[Data records]
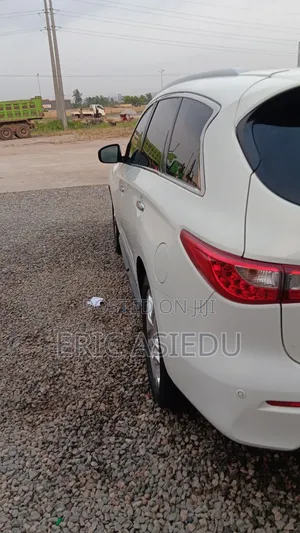 Infiniti JX 35 2013 White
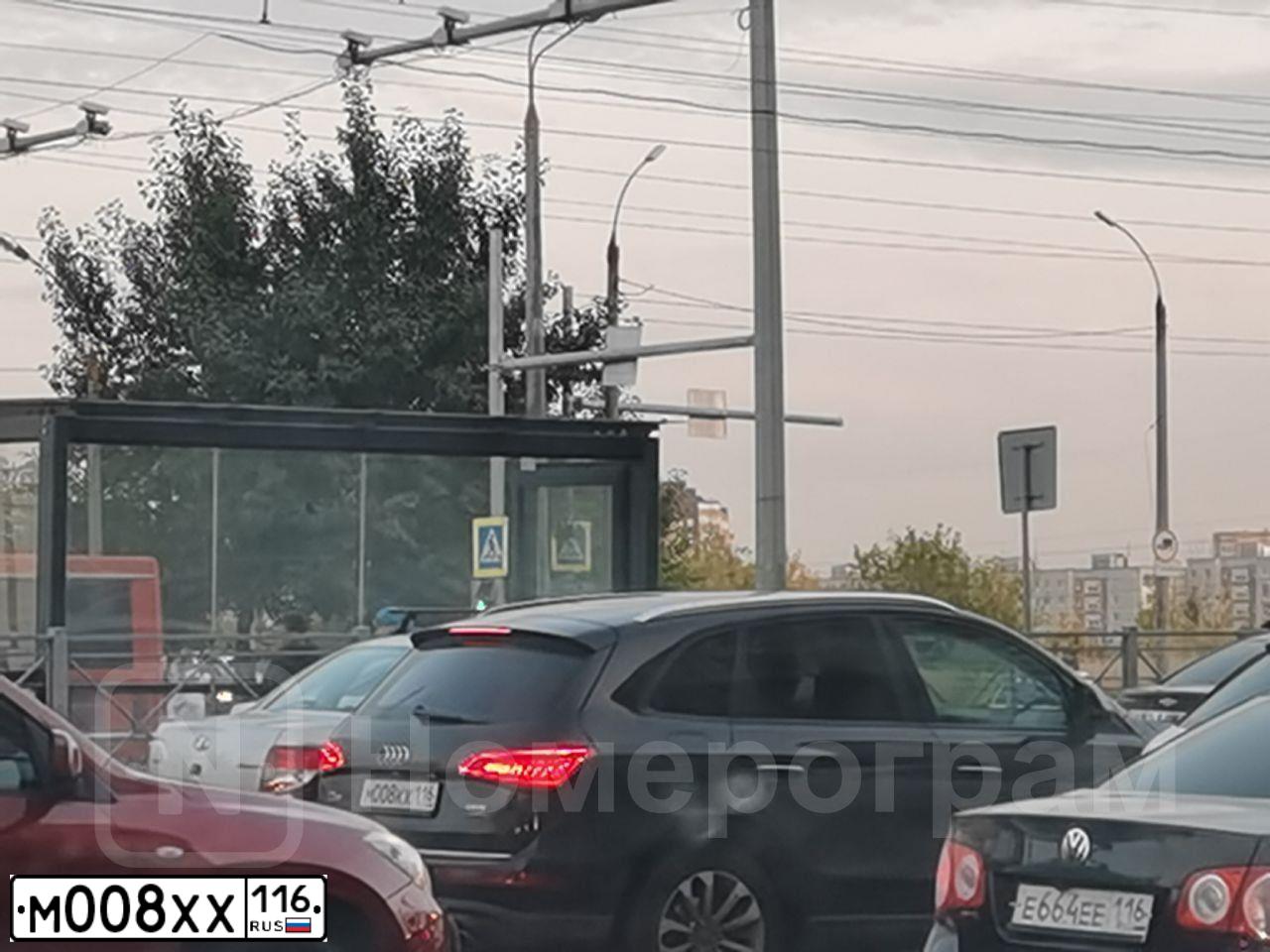 Фото автомобиля LADA 2170 PRIORA, 2012 — госномер Н709ТВ702. Цвет: Сине-Черный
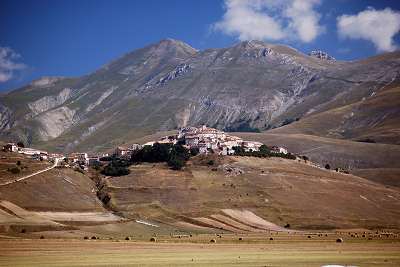 2.mt._cucco_castelluccio_2009_840.jpg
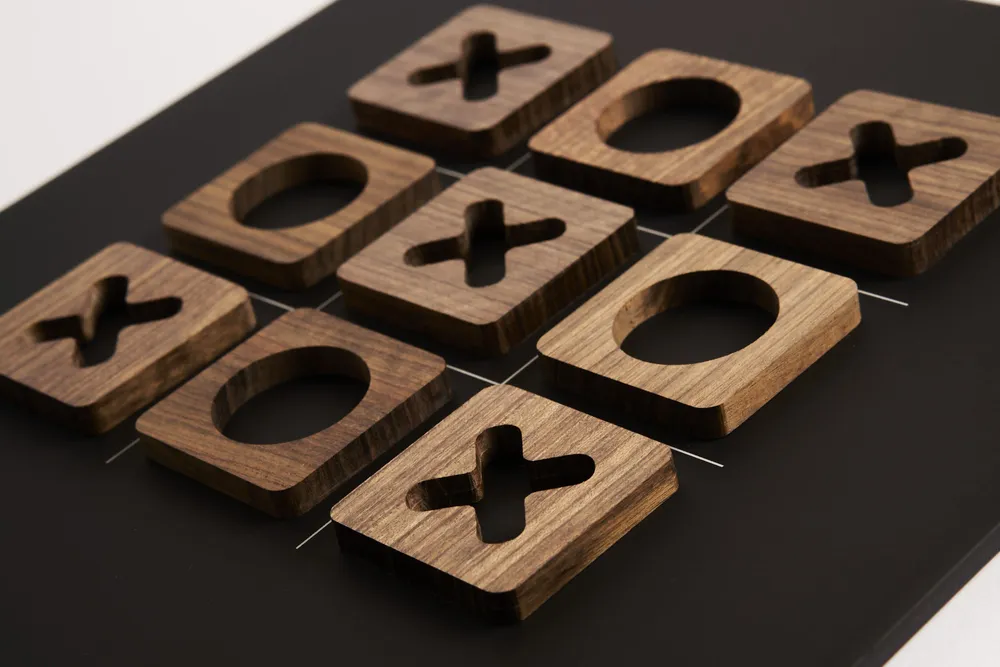 Objets de décoration - TRIS - Ensemble de jeu en bois Ovangkol - SHALL WE PLAY A GAME?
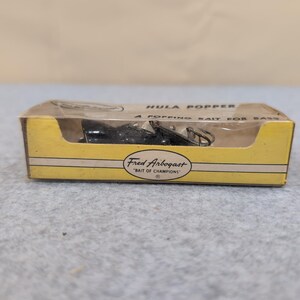 Vintage Fred Arbogast Hula Popper 5/8 oz Black Bass Fiskedrag med Ask bild 2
[/Data records]
*What this task involves*: Copy out the full material exactly. Pictures should not appear in it.

*Answer for this exercise*:
 Infiniti JX 35 2013 White
 Фото автомобиля LADA 2170 PRIORA, 2012 — госномер Н709ТВ702. Цвет: Сине-Черный
 2.mt._cucco_castelluccio_2009_840.jpg
 Objets de décoration - TRIS - Ensemble de jeu en bois Ovangkol - SHALL WE PLAY A GAME?
 Vintage Fred Arbogast Hula Popper 5/8 oz Black Bass Fiskedrag med Ask bild 2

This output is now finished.